Ensemble Messiaen © Claude Doaré
 
Le lendemain, confirmation de ce que l’on avait déjà expérimenté, à savoir que la Salle Elie de Brignac se prête infiniment mieux aux sonorités de la pure musique de chambre, et met en valeur les individualités des voix qui composent quatuor ou autres formations ténues. L’équilibre en était parfait. Et là aussi, aventure : non que le Quatuor pour la fin du temps de Messiaen soit une découverte, mais il n’est guère festif et ne peut s’adresser qu’à des sensibilités plus que tendues vers lui, sinon éclairées.

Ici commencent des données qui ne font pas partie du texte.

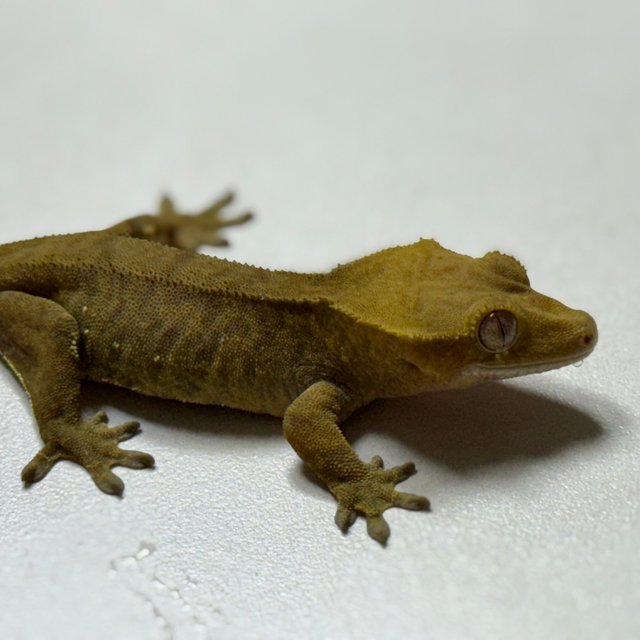 바이 화이트포트홀 레드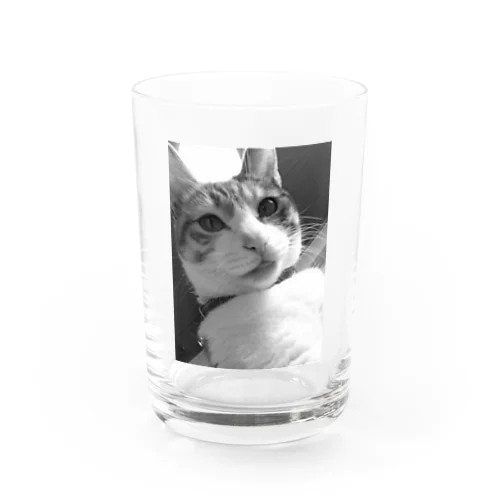 三毛猫のひめ　4 Water Glass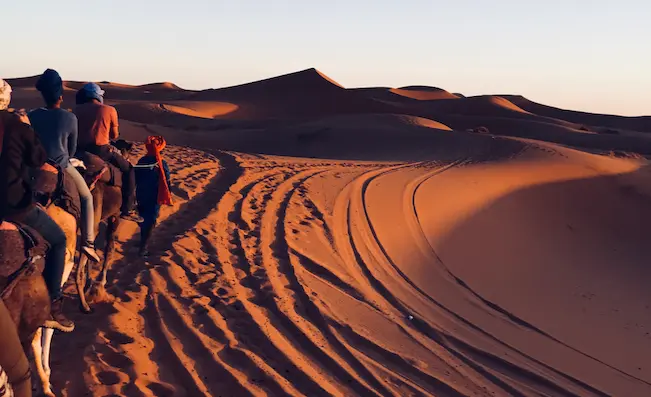 Travelers riding camels across the Arabian desert at sunset, a cultural experience in Saudi Arabia as part of a luxury tour by Shin Tours.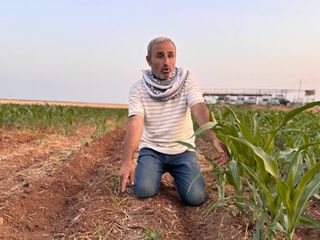Şanlıurfa'da mısır tohumları arasındaki fark çiftçiyi kızdırdı: Hakkımı arayacağım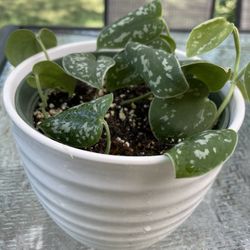  🌳SILVER POTHOS 🌳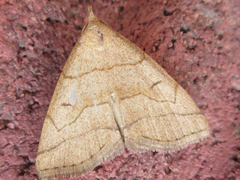 Herminia arenosa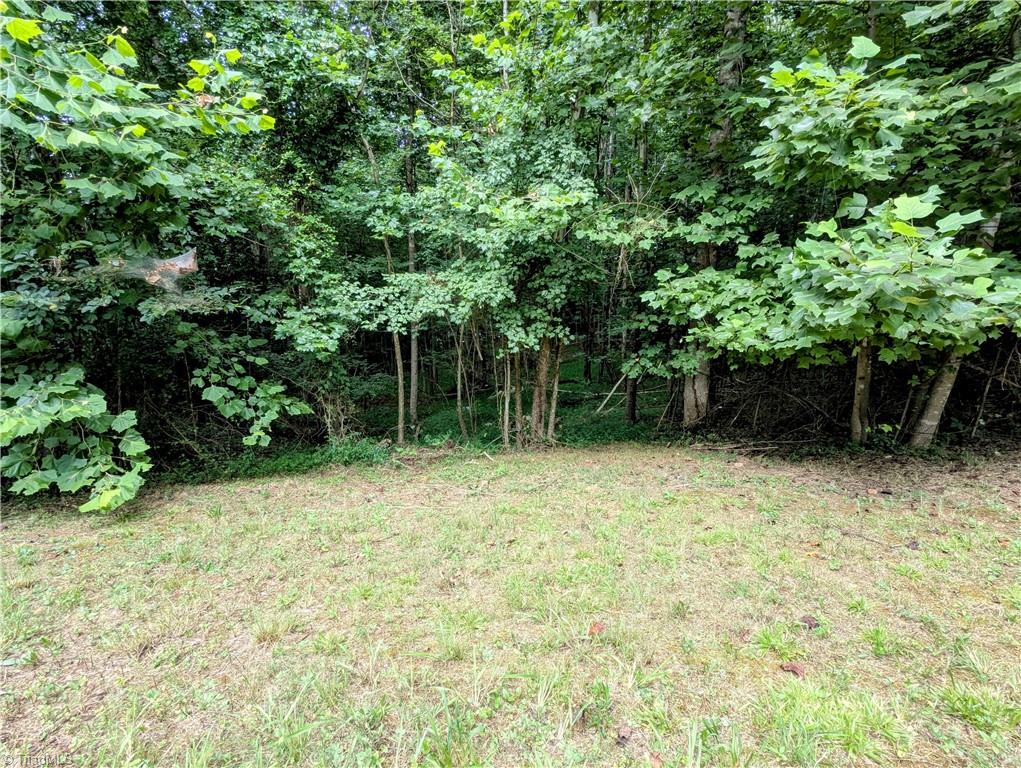 3636 Fall Creek Church Road Jonesville, NC 28642 - Photo 16 of 18 Backyard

Là les jeunes musiciens de l’Ensemble Messiaen (Raphaël Sévère, David Petrlik, Volodia Van Keulen et Théo Fouchenneret) ont joué sur la corde raide, possédés par la gravité du propos, la force du silence, creusant la douleur du compositeur et son angoisse avec une délicatesse et une gravité bouleversantes, notamment sur le dernier trait de violon de David Petrik, ténu jusqu’à l’oubli.
 
Auparavant, Im fremden Land, sextuor pour clarinette, quatuor à cordes et piano (avec Guillaume Vincent au clavier et Adrien Boisseau à l’alto), que Philippe Hersant composa en 2002 à la mémoire d’Olivier Greif, œuvrait exactement dans la même sphère quasi immatérielle et pourtant si proche, avec en ouverture l’appel irrésistible de la clarinette de Raphael Sévère. Concert gratuit, certes, pour inciter un public parfois réticent à tendre une oreille plus curieuse vers le répertoire d’aujourd’hui, et réussite totale, auprès d’une assistance tendue et fascinée.
 
Jacqueline Thuilleux
 
Deauville, Salle Elie de Brignac, 18 et 19 avril 2015 . Prochains concerts, les 23, 24, 25 et 30 avril, les 1er et 2 mai 2015. www.musiqueadeauville.com
 
A noter, la collection Deauville live lancée par B Records pour pérenniser ces concerts : deux titres déjà ce printemps, consacrés le premier à Janacek, et le second à Mendelssohn.